Allegiant reports 17 percent increase in revenue for third quarter

Las Vegas-based Allegiant Travel Co., parent company of Allegiant Air, offset higher fuel costs with increased revenue to propel its 35th straight profitable quarter, the company said today.

The company reported a 17 percent increase in revenue to $191.5 million for the third quarter that ended Sept. 30. But earnings shrank 27.9 percent to $9.5 million, thanks to fuel costs that spiked by 34.6 percent.

Earnings per share of 49 cents beat analysts’ estimates by 5 cents.

In the third quarter of 2010, the company reported earnings of $13.2 million, 67 cents a share, on revenue of $163.6 million.

Allegiant had improved revenue performance thanks to a 16.4 percent increase in fares, ancillary fees and third-party sales on travel-related services like hotels and car rentals.

The company also got a boost by more efficiently filling planes on fewer flights and by decreasing the length of each flight. In the third quarter, Allegiant filled 92.2 percent of its seats with paying customers compared with 89.6 percent in the third quarter of 2010, flying an average 136 passengers per flight compared with 132 a year ago. On average, each flight was 845 miles compared with 865 miles.

Larger-capacity aircraft also buoyed the company. The company began using the first of six Boeing 757 jets on domestic routes while it awaits regulatory clearance to fly to Hawaii next summer. Allegiant also deployed its first two reconfigured MD-80 jets on its Bellingham, Wash. routes. By removing galleys on the planes, the company can increase capacity on the twin-engine jets from 150 to 166 seats.

“Our 757 activity was successful during the quarter as well,” Allegiant Chairman and CEO Maurice Gallagher said in a release issued with its financial results. “We began operations with our initial 757 aircraft in late July and operated it on two routes to and from Las Vegas. For a nominal amount of additional fuel burn, we are generating 67 additional profit potential seats.

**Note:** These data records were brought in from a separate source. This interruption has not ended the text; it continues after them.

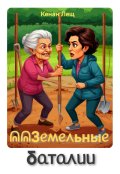 Обложка книги "Земельные баталии"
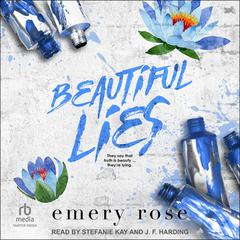 Beautiful Lies Audiobook, by Emery Rose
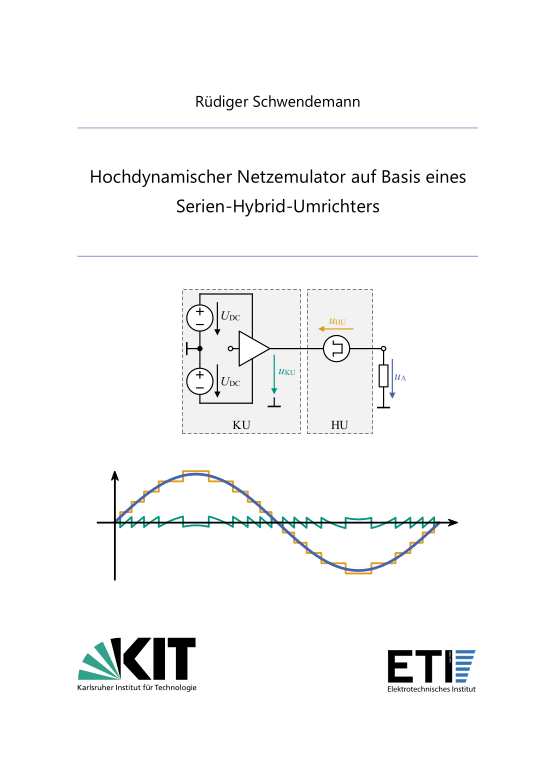 Cover der Publikation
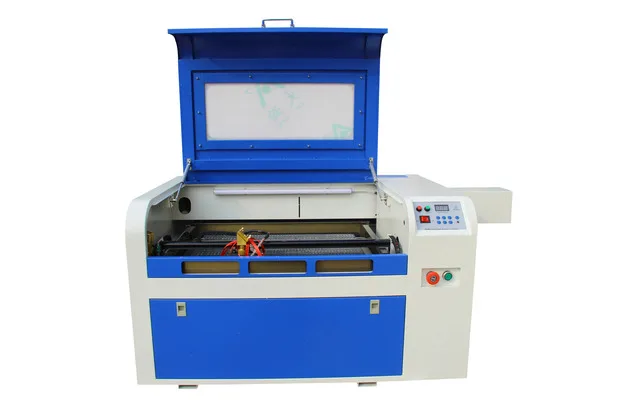 Industrial 4060 CO2 Laser Engr - đánh giá và giá Industrial Laser Fabric Cutting Machine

These additional seats on our peak days, in the proper markets, are expected to contribute significant incremental profit.”

The success of using the 757s on domestic routes was so great that Allegiant Travel President Andrew Levy said in a conference call that the company is investigating acquiring more 757s for use on other domestic routes.

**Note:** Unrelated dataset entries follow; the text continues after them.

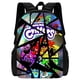 thumbnail image 1 of New Poppy's Chapter 3 Critters Full Size Smiling Animal School Bag, 1 of 2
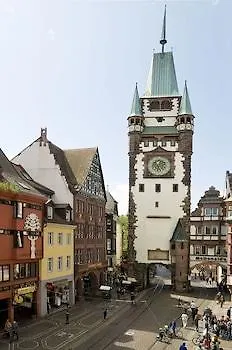 Express - - Centre Friburgo em Brisgóvia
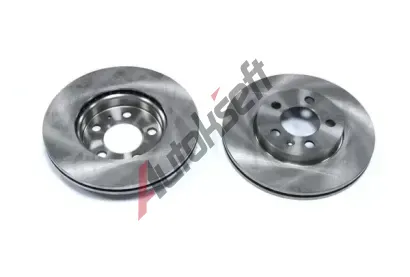 QWP Brzdový kotouč - 256 mm QWP WBD797, WBD797  QWP Brzdový kotouč - 256 mm QWP WBD797, WBD797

The company is still awaiting regulatory approval to operate over-water 757 flights to Hawaii and that service is still scheduled to begin next summer. [http://www.lasvegassun.com/news/2010/mar/05/las-vegas-based-allegiant-air-plans-flights-hawaii/] Company officials have not said what Hawaii routes would be flown, the executives said in today’s conference call that Los Angeles International Airport has potential, particularly since the airline abandoned its Long Beach, Calif., operation earlier this month. [http://www.vegasinc.com/news/2011/oct/03/allegiant-air-end-service-long-beach-airport/]

Levy said the conversion of the MD-80 fleet to 166 seats is expected to be completed by the end of 2012.

The company’s executives also cautioned investors of fears that the company could lose sales when the Department of Transportation regulations on fare disclosures take effect in January.

The company has a suit in U.S. District Court in Washington D.C. challenging the department’s rules, designed to give full disclosure to customers of fares and charges for optional services.

Gallagher said it has been the company’s experience that posting a long list of fees tends to discourage people from buying tickets.